Becky Fatemi of central London estate agency Rokstone says prime areas of the capital are to suffer a “prolonged phase of stagnation” and sellers will have to reduce asking prices to secure deals.
“Confidence is down and people are confused about which way the market is going – there doesn’t seem to be one rule or formula for the London market going into 2017” she says in her company’s end of year review.
Fatemi says stamp duty is one reason - but only one reason - why prime London is so depressed and is likely to stay that way for some time.

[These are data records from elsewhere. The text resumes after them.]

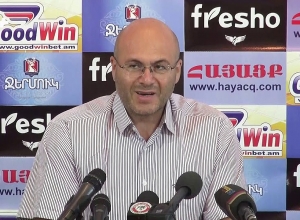 Արթուր Վանեցյանին ուզում էին վարչապետ կարգել․ Վարուժան Ավետիսյան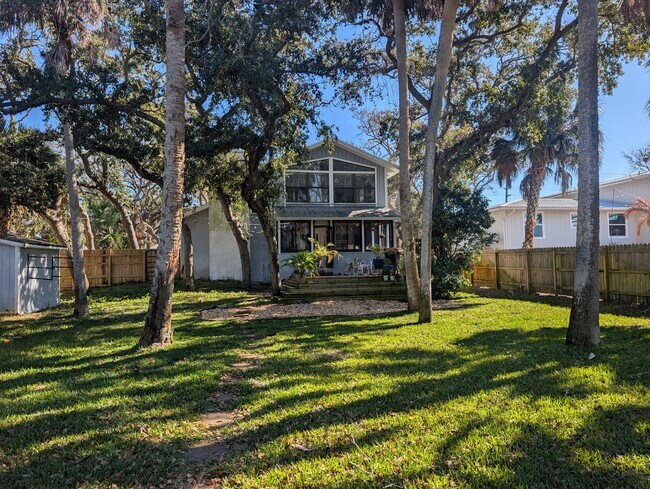 Fenced backyard - 4440 Saxon Dr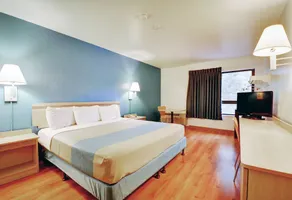Motel 6-Newport, RI - Chambre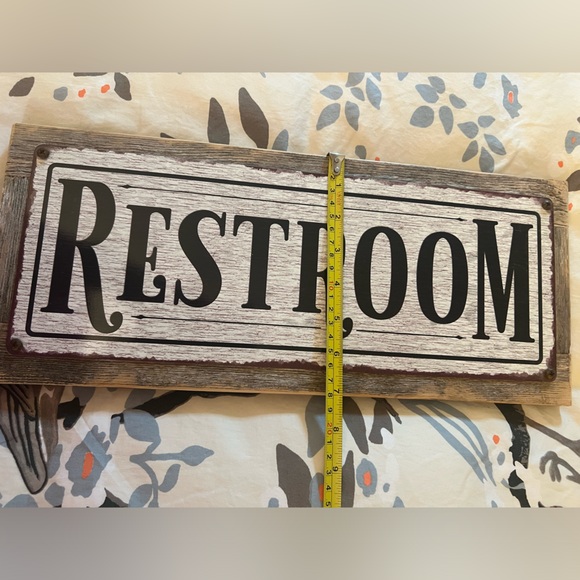 Treehouse Customs Handmade Restroom Sign 7” x 16.9” Distressed Rustic Wood Back - Picture 3 of 12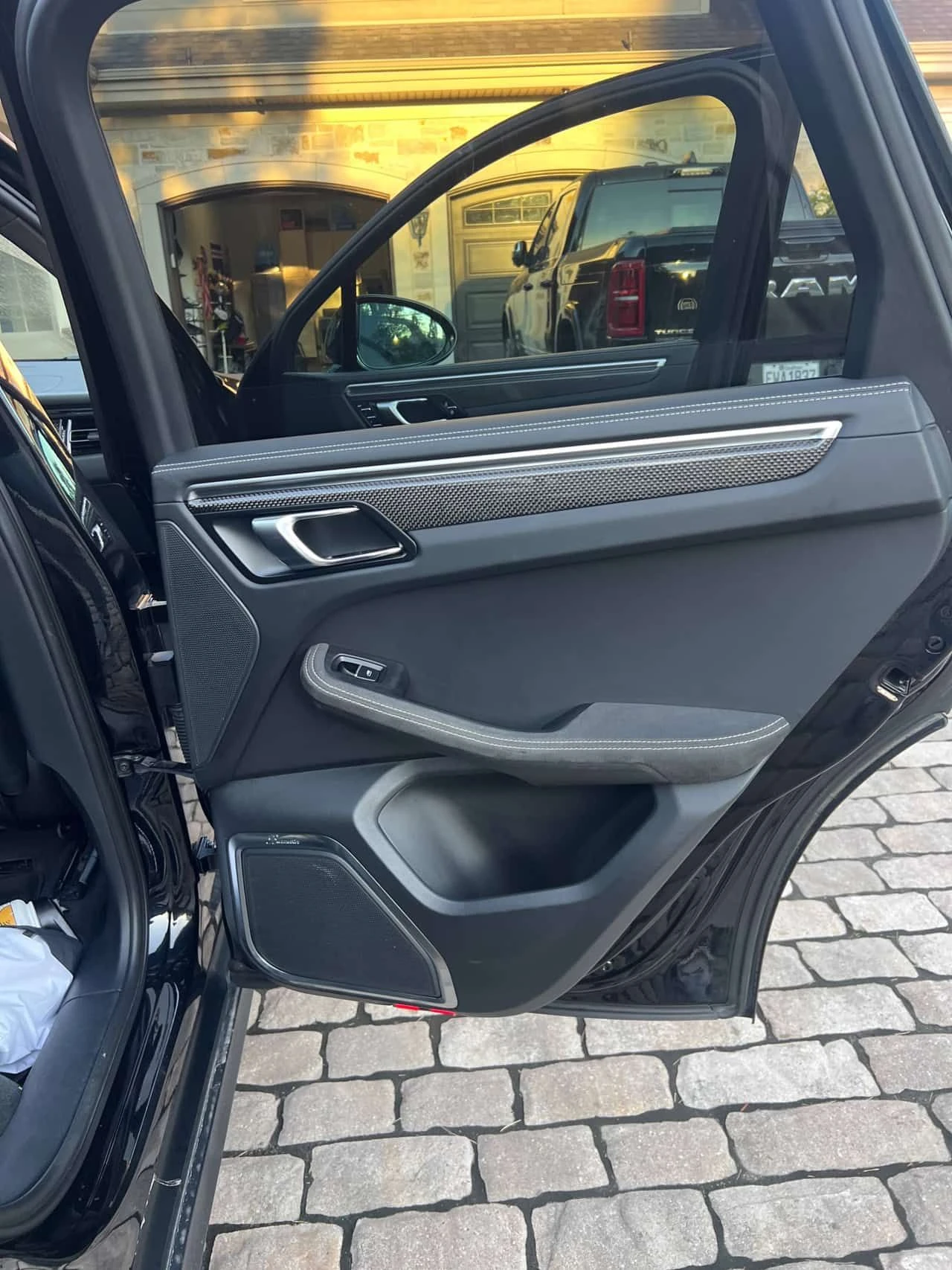 Porsche Macan * GTS * АВТОКРЕДИТ БЕЗ ПЪРВОНАЧАЛНА ВНОСКА* , снимка 15 - Автомобили и джипове - 55544670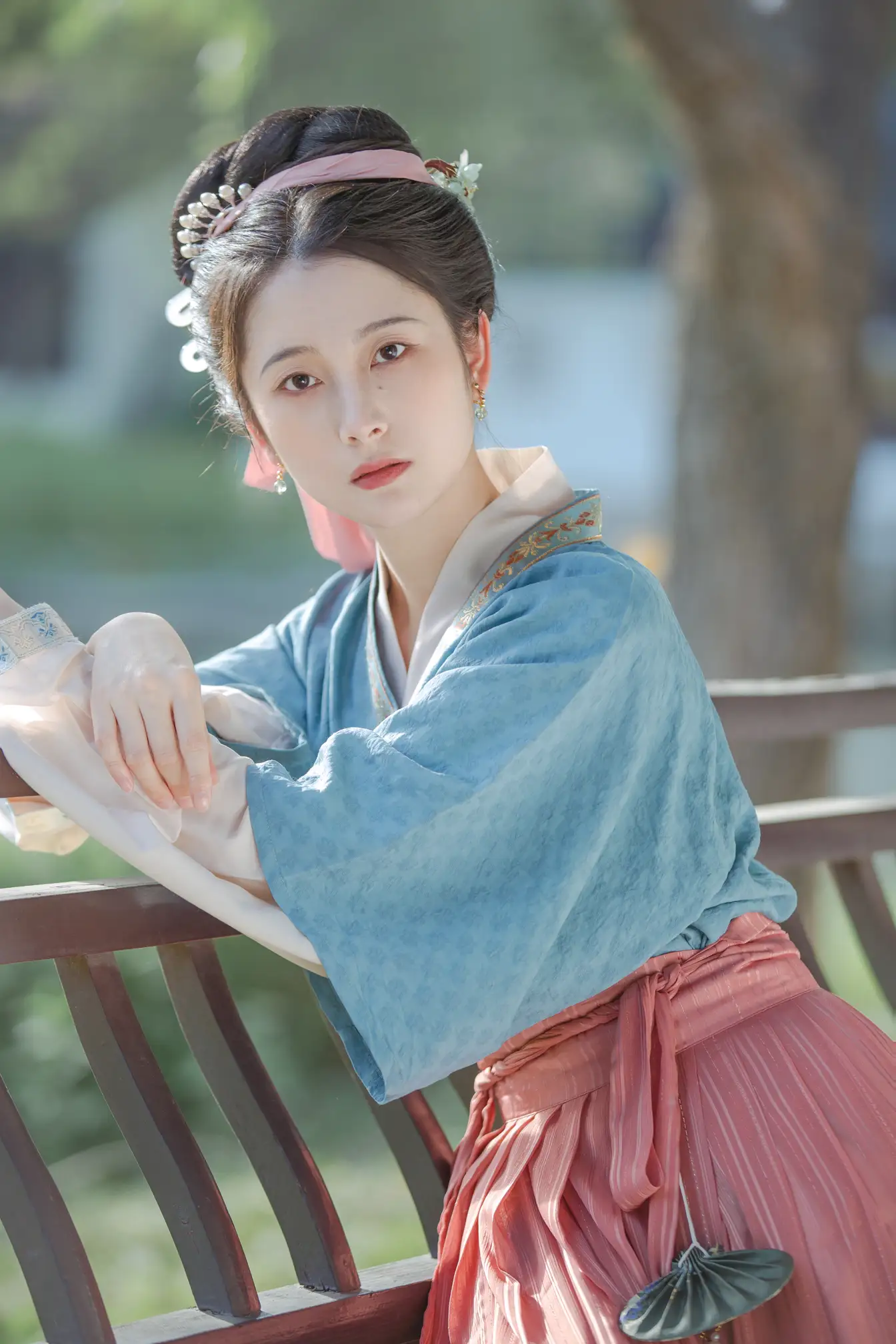 [艺图语] 2022.06.29 Vol.1327 – 拾尽千苍色，携来两袖风 五月的三花猫#[27P]-5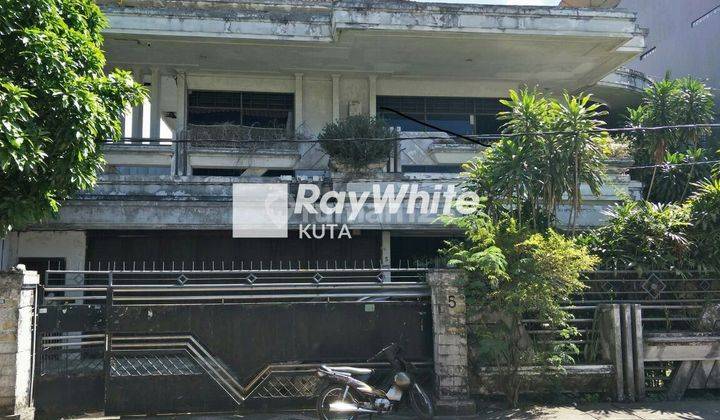 House for sale in Central Gatot Subroto (Gatsu). 1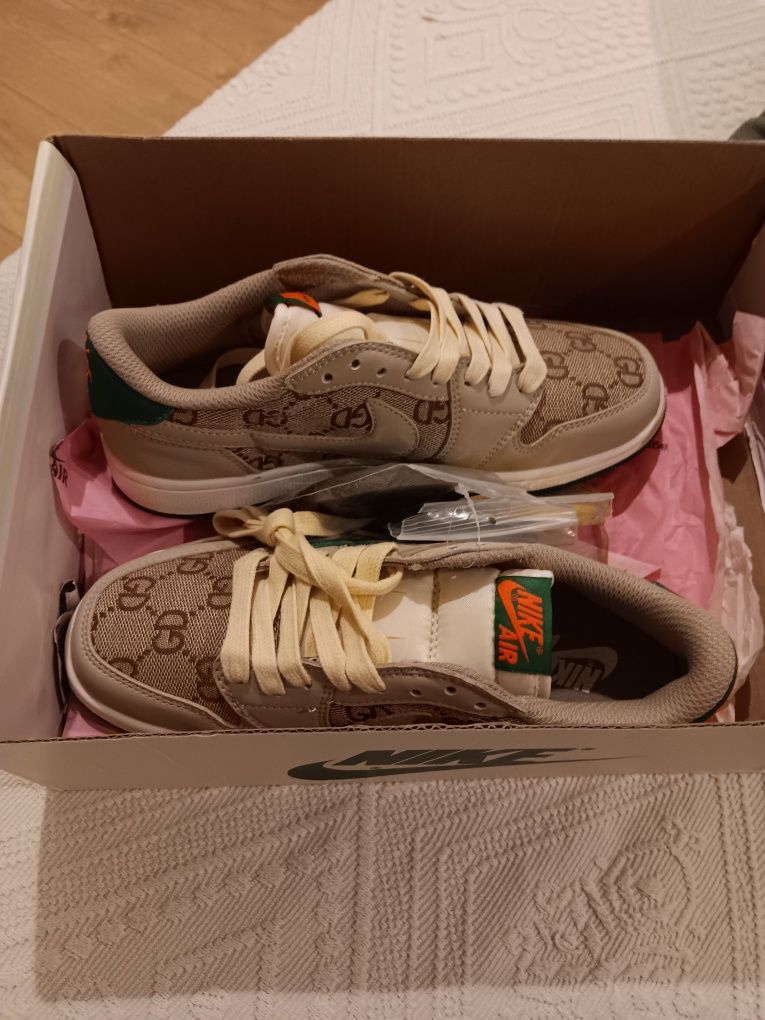 Sapatilha Nike Air Jordan Gucci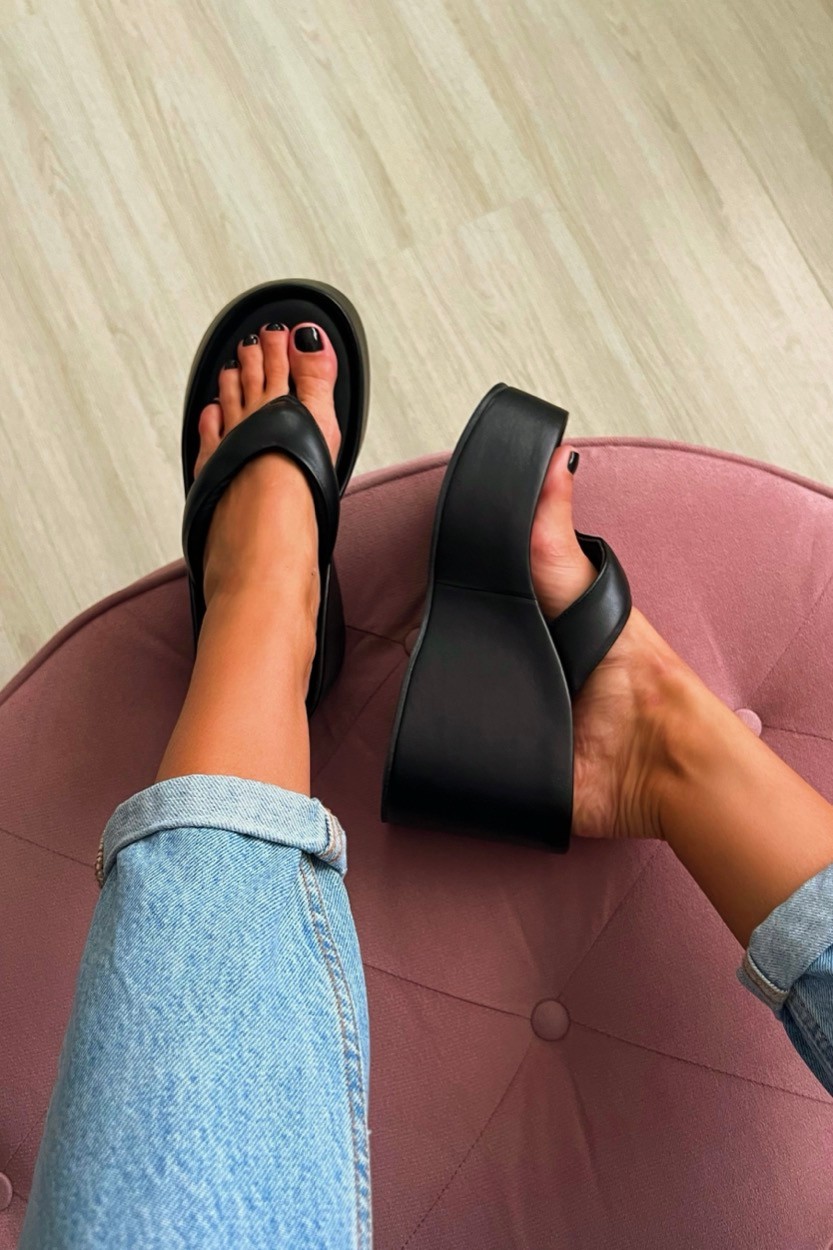 Flat Kauana Preto Flat Kauana Preto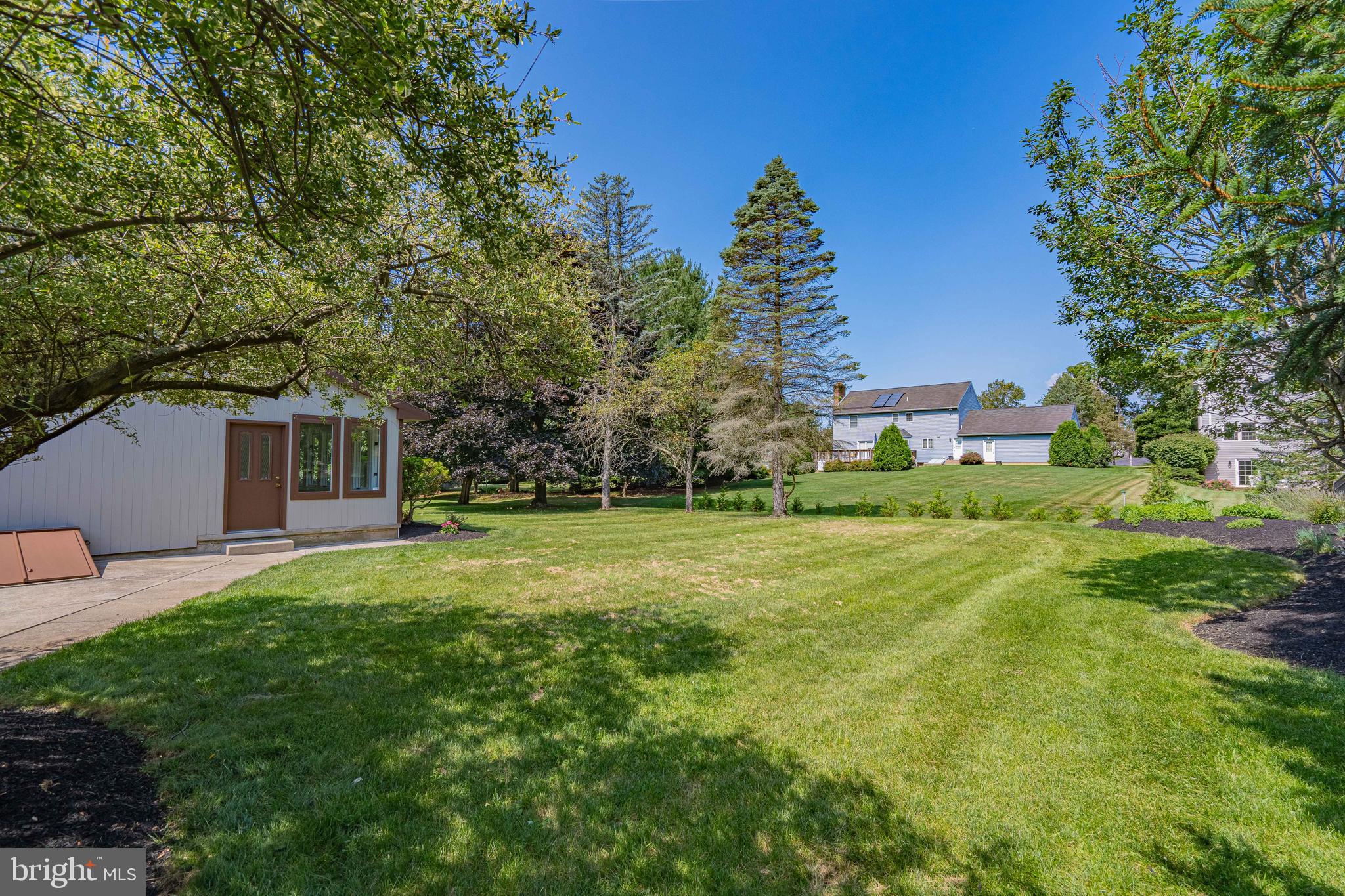 COUNTRY DOWNS - Residential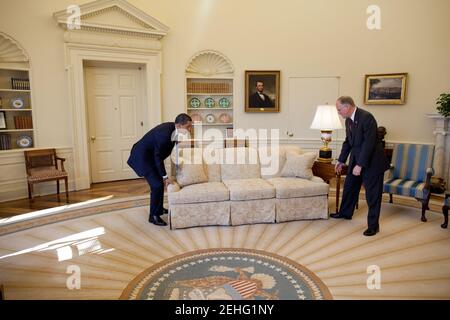 Le président Barack Obama est aidé par le gouverneur du Vermont, Jim Douglas, pour déplacer un canapé dans le bureau ovale 2/2/09. Le gouverneur Douglas s'est entretenu avec le président sur le plan de relance économique. 2/2/09 Photo Officiel de la Maison Blanche par Pete Souza Banque D'Images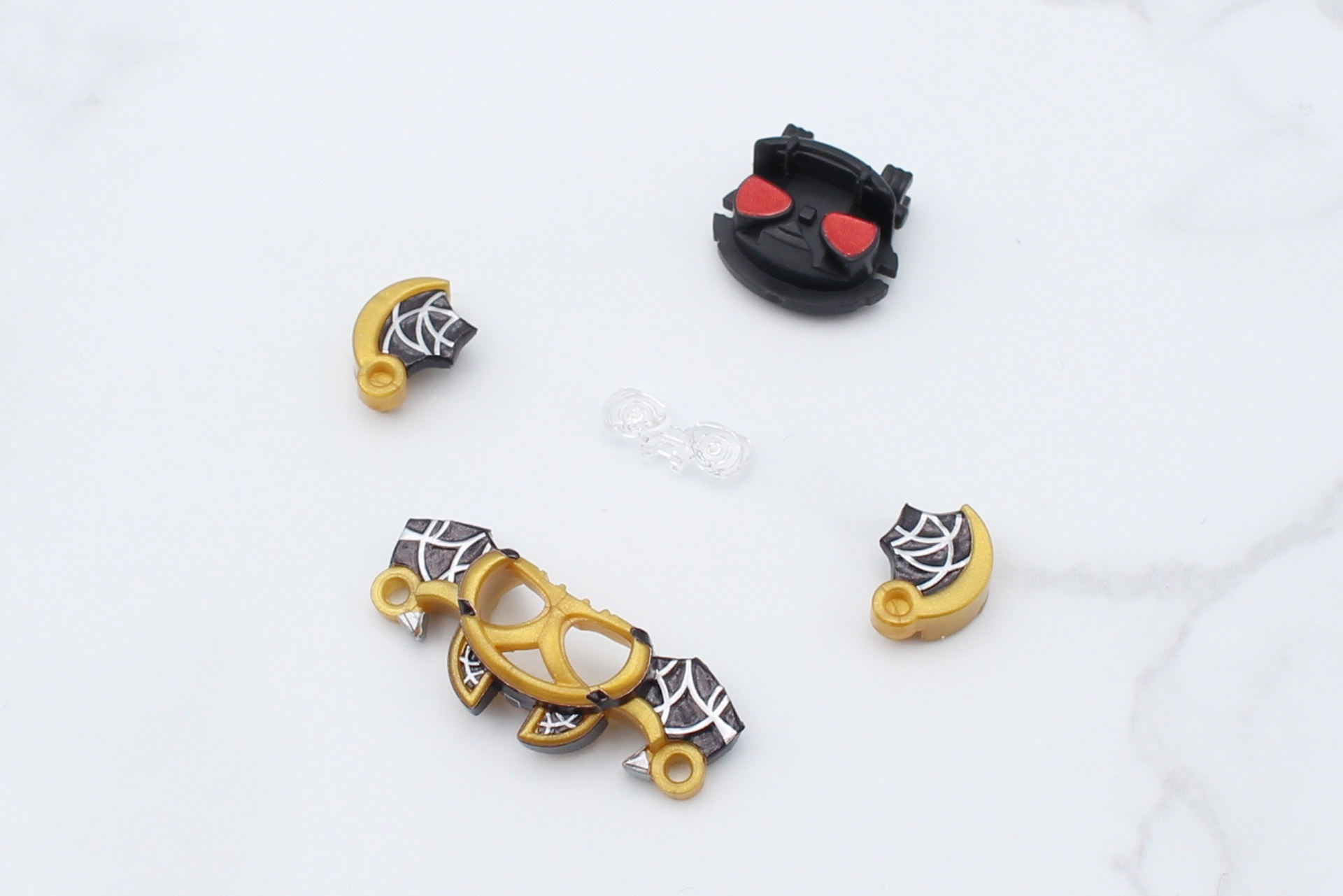 19枚ものシールを貼ったキバットのパーツ群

“I have a client who wanted to move from an apartment in Marylebone to a family-sized house in Queens Park but the stamp duty amounted to £250,000. She will therefore make do with the flat. In that instance the economy has lost a sale, a purchase and HMRC has sacrificed the stamp duty” she says.
However, the Rokstone boss also blames pre-2015 general election debate about a mansion tax and then this summer’s Brexit EU referendum result. “This quashed buyer appetite at a point when prices were naturally correcting” claims Fatemi.
“Caution on the part of both buyers and sellers created a lack of urgency. Some vendors who would have sold following a vote to remain in the European Union decided to sit tight to see which way prices go, and many buyers became far more wary on price. We are waiting to see where the penny will drop – there is a lot of window-shopping going on right now” she says.
Fatemi insists that what she calls “a new buyer” has emerged because of the slow market - one who wants to see a discount thanks to high stamp duty and moving costs, and recognising weaknesses in the economy and the threat to City of London jobs, which remains a strong influence on prime buying patterns.
However, Fatemi notes that the current type of seller is less likely to discount.
“There is no incentive to move their money out of real estate, it attracts barely any interest elsewhere, and therefore no pressure to sell, unless of course there is a lifestyle imperative such as relocation for work. In fact, in prime central London the cycle of selling has extended from every five years to every eight years slowing churn” she adds.
“We are entering a period of stagnation in terms of volumes and therefore price. Prices will come off in the first half of the year to the point when such falls wake the market up again.”